Tonight as I climbed up the ladder to my loft in nearly total darkness I thought of how many times I had climbed up there to sleep.  I thought of the stairway, really more like a ladder, illuminated by the Full Moon, dark in an overcast sky, polished and light in color when new in 1978, company sometimes, many climbs up to the loft in solitude, baptism of cold in winter and all the times I have managed to get a piece of furniture up there, or down from there, that didn't seem as though it would fit.
The images of my years in this house, in this life flickering like film clips gone before I really saw them.
It certainly isn't an original idea that when you are 3 years old, a year is one third of your entire life.
A short time is an entirely different construct than it is as one moves along.  It doesn't hold, though that at 40, a year is 1/40th of your life, or at 60, 1/60th;  moving along the continuum reveals it to not have been a continuum at all, or even a spiral.  It is all happening now.  I'm still that young hopeful girl who insisted it was possible to live here, until eventually it was.  I suspect somewhere in here there is, a lifeless body on the floor, waiting to be found by the smell, betrayed by the uncollected mail, unpaid bills.

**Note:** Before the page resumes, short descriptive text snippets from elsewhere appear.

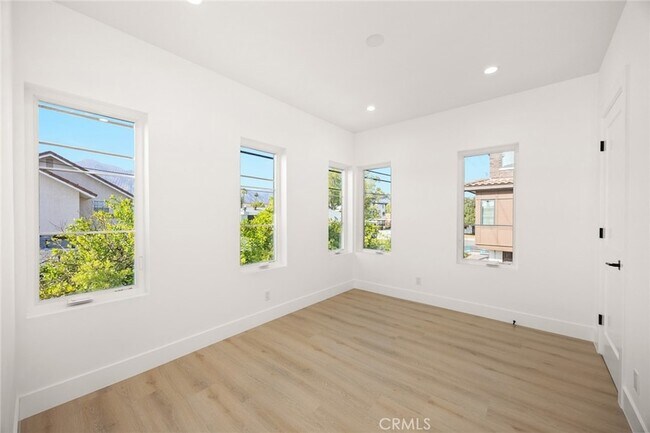 Building Photo - 905 Sunset Blvd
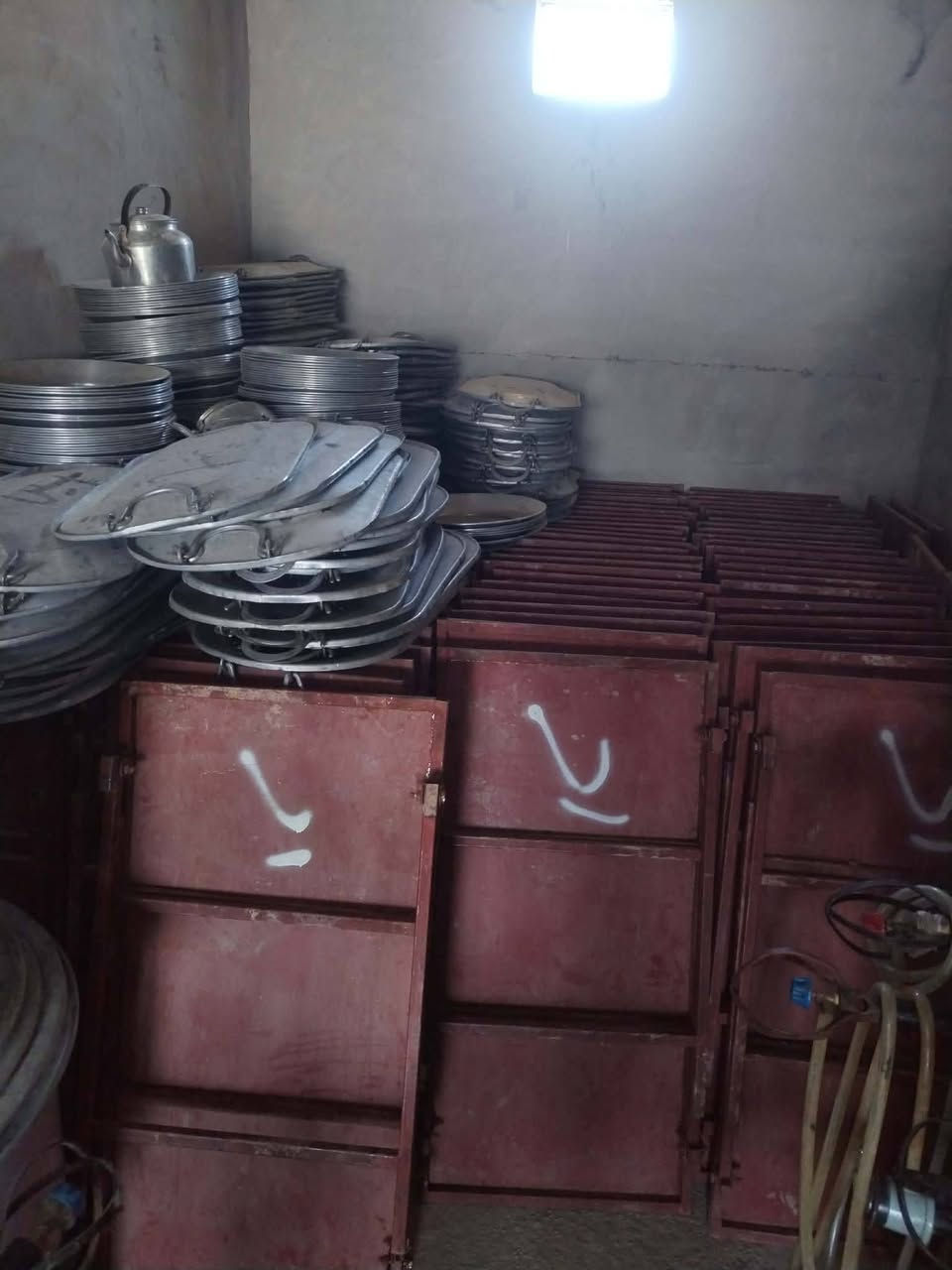 سلام عليكم عدي محال
للبيع خيمه عدد2 كراسي 350 طبلات 175 جداري 21  منسف عادي 250 مشعل 10 قوري 10 كفكير جمجه       ميز طعام عدد 110  منسفه محلك 110 مغسل 3  توصل عل رقم    ***********   كسك الموصل
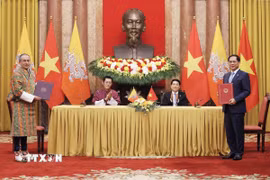 Chủ tịch nước Lương Cường và Quốc vương Bhutan Jigme Khesar Namgyel Wangchuck chứng kiến ký Bản ghi nhớ về Khuôn khổ hợp tác giữa Chính phủ hai nước. (Ảnh: Lâm Khánh/TTXVN)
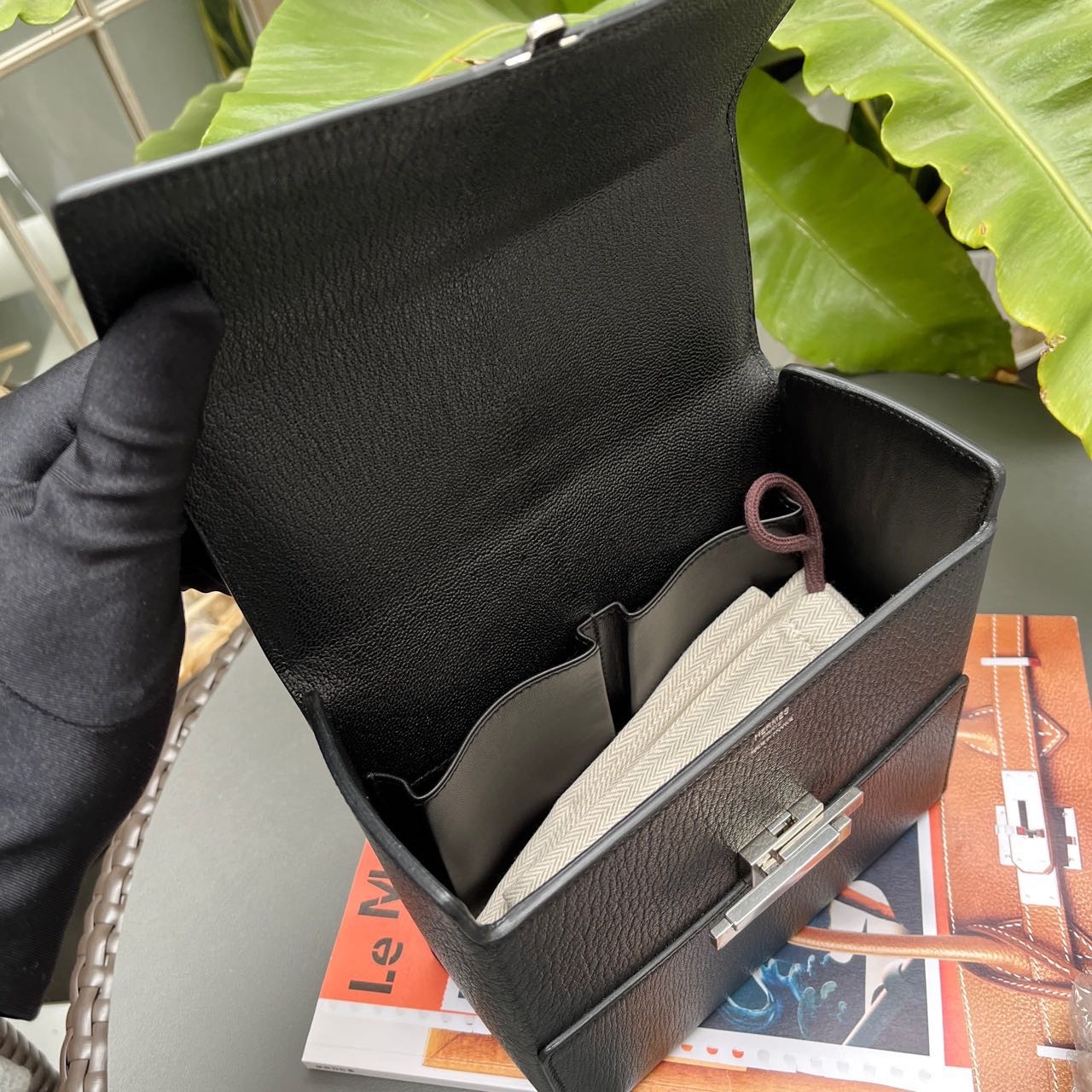 N级   Hermes 爱马仕经典黑色cinhetic   盒子包 方方的超级能装！！  可拎可背  原价七万多  现在低于原价  
值得收藏 缩略图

In Greek Mythology, Khaos was the great grandmother of time, The goddess of the great darkness from which emerged all created phenomena,  resolving into harmonious order.  She was the original source of all manifestation, a spouseless goddess, the abyss, the gap, and for a moment, the tiniest of temporal slices, I had the curtain of the illusion of separateness, the dance of dualities pulled back, and the experience of the mysterious presented to me.
Eternity, timelessness, no ground, no reference point no picture to hang on to.  In the gap of the great source of all possibility there is an invitation.  No fear.  No thing.  Something I can't know from here but that dances through the fabric of the universe we are designed to be in as long as we have a nervous system.
 I have had a thread laid in my hand that I know will lead me home.  I am a visitor in this life, a traveler and am intimately connected to everything I am, everything I am not and have a simple [but given my habits, perhaps not easy] task of choosing peace over conflict, love over indifference, generosity over aggression, forgiveness over ego.  Today I am sure that this is the only way the world may heal.